Rasio pajak di negara Indonesia
relative sangat rendah, karena masih begitu sedikit penduduk Indonesia yang
membayarkan pajak penghasilannya secara rutin dan jujur. Di satu sisi, pajak
rendah adalah berita gembira karena kekayaan dan penghasilan kita tak terlalu
tergerogoti oleh pajak. Namun di sisi lain, hal itu juga merupakan berita buruk
karena itu berarti sumber pendapatan rutin pemerintah/negara pun terbatas, atau
sekurang-kurangnya penghasilan riil pajak lebih kecil daripada potensinya.
Kenaikan rasio pajak diharapkan
terwujut di tahun 2008. Patokan atau target yang dipasang pemerintah adalah
13,6 persen, yang tentu merupakan kenaikan signifikan kalau dibandingkan dengan
rasio pajak 2007 yang hanya 12,4 persen.
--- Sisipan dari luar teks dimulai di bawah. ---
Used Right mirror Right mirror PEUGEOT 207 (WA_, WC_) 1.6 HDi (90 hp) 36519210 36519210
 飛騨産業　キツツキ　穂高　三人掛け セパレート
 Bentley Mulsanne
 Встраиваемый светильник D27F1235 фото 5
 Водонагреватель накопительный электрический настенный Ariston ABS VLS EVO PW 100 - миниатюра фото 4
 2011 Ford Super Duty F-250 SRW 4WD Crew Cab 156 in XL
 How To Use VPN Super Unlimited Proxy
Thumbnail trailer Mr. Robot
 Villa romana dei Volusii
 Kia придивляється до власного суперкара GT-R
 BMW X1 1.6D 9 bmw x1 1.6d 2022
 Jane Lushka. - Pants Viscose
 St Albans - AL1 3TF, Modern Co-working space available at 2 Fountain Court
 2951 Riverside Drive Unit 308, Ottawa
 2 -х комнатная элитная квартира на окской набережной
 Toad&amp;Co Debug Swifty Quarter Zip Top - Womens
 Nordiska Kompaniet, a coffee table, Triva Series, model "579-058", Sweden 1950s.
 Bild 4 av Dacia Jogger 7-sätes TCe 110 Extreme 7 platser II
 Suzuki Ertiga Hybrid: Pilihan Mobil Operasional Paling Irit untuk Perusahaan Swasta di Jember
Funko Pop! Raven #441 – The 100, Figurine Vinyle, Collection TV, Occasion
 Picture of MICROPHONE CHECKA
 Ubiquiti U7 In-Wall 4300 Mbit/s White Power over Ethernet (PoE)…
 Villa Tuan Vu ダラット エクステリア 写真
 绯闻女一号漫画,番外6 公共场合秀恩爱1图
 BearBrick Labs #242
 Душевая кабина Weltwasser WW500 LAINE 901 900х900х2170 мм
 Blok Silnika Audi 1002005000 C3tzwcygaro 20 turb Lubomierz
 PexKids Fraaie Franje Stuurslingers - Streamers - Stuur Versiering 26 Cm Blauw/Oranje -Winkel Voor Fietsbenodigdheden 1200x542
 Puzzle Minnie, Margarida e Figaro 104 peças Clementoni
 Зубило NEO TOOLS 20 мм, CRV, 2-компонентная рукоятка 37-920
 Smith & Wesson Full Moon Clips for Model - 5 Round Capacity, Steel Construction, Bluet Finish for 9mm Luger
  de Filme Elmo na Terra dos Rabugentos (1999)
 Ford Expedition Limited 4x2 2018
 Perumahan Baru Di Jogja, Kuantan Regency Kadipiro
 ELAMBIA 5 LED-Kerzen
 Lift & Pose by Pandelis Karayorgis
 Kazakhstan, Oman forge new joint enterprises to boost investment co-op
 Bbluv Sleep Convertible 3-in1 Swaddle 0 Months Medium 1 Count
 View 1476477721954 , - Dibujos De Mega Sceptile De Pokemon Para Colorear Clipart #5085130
Sampai pada awal kuartal keempat 2008,
rasio penerimaan pajak terhadap produk domestic bruto di Indonesia baru
mencapai 13,5 persen dengan penerimaan sekitar Rp. 600 triliun. Terjadinya
krisis keuangan global dipenghujung bulan September 2008 diyakini akan member
dampak negative pula sehingga ada kemungkinan patokan 13,6 persen tak akan
tercapai, meskipun diyakini akan tetap di atas 13 persen ini pun sudah meupakan
peningkatan signifikan dibandingkan dengan tahun sebelumnya. Sebelum terjadi
krisis financial yang bermula dari ambruknya system keuangan di Amerika Serikat
itu, target rasio pajak dalam RAPBN 2009 adalah 13,7 persen, bahkan pada
awalnya dipatok 14,1 persen. Bisa jadi target ini pun akan dikoreksi mengingat
dampak krisis keuangan global tersebut.
2.
Perkembangan
Penerimaan Pajak di Indonesia
Jumlah penerimaan nominal pajak
Indonesia memang bertambah dari tahun ketahun, bahkan rasio pajak pun mulai
mengalami peningkatan. Hanya saja, semua peningkatan jumlah maupun rasio itu
masih terlalu kecil dibandingkan negara seharusnya. Sampai pada RAPBN 2009
dalam Nota Keuangan yang disampaikan Presiden RI kepada DPR tanggal 15 Agustus
2008, nota penerimaan negara yang diharapkan terkumpul selama tahun 2009 dengan
asumsi harga minyak rata-rata US$ 100 per barel mencapai Rp.1.022,6 triliun.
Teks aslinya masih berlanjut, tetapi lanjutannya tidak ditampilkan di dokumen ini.